---------- Provided material ----------
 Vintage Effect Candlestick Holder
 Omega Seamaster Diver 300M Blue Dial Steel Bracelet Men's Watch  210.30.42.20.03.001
----------
---------- Provided material ----------
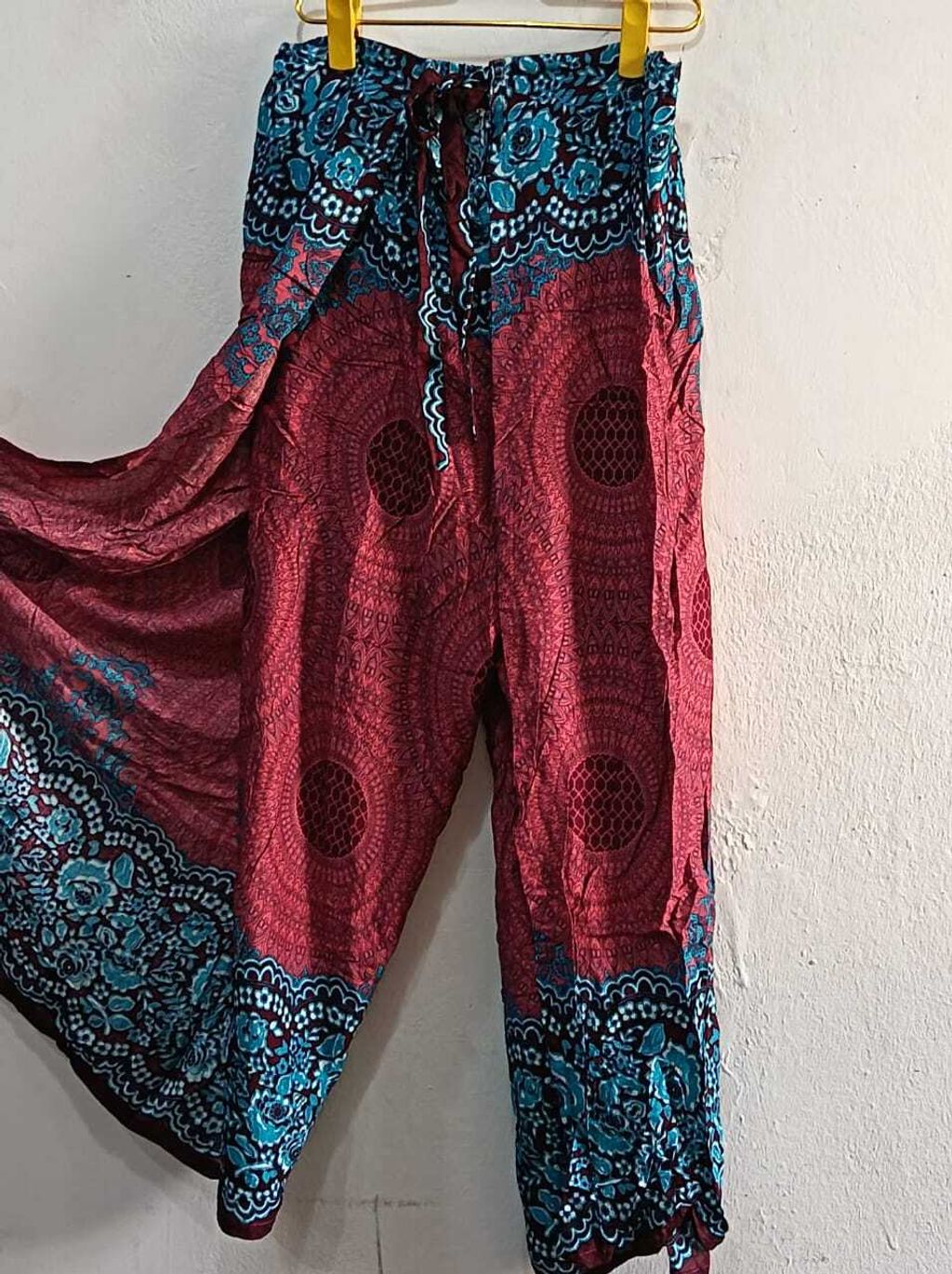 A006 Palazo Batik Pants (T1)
----------
---------- Provided material ----------
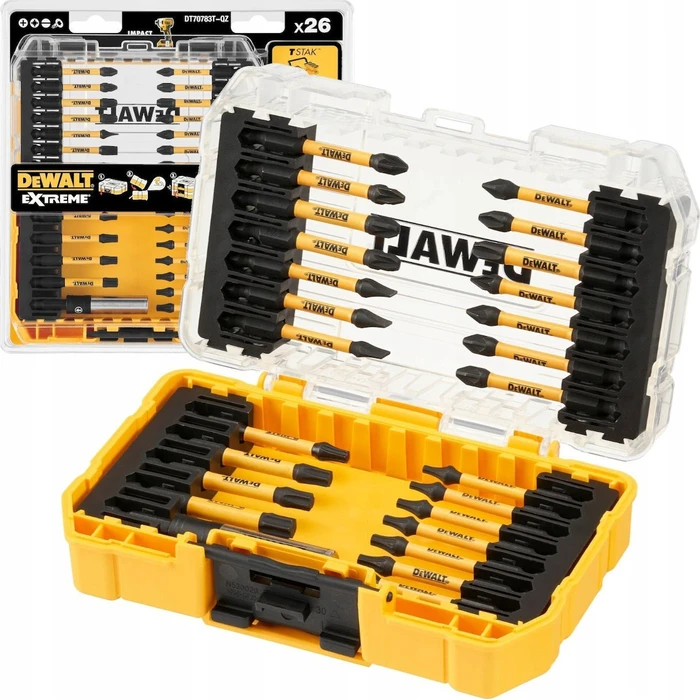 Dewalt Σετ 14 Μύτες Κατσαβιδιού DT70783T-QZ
----------
Task directions =>
Beginning with the line containing "Vintage Effect Candlestick Holder" and ending with the line containing "Omega Seamaster Diver", extract those lines exactly from the listing above, and only those.

Exercise response =>
 Vintage Effect Candlestick Holder
 Omega Seamaster Diver 300M Blue Dial Steel Bracelet Men's Watch  210.30.42.20.03.001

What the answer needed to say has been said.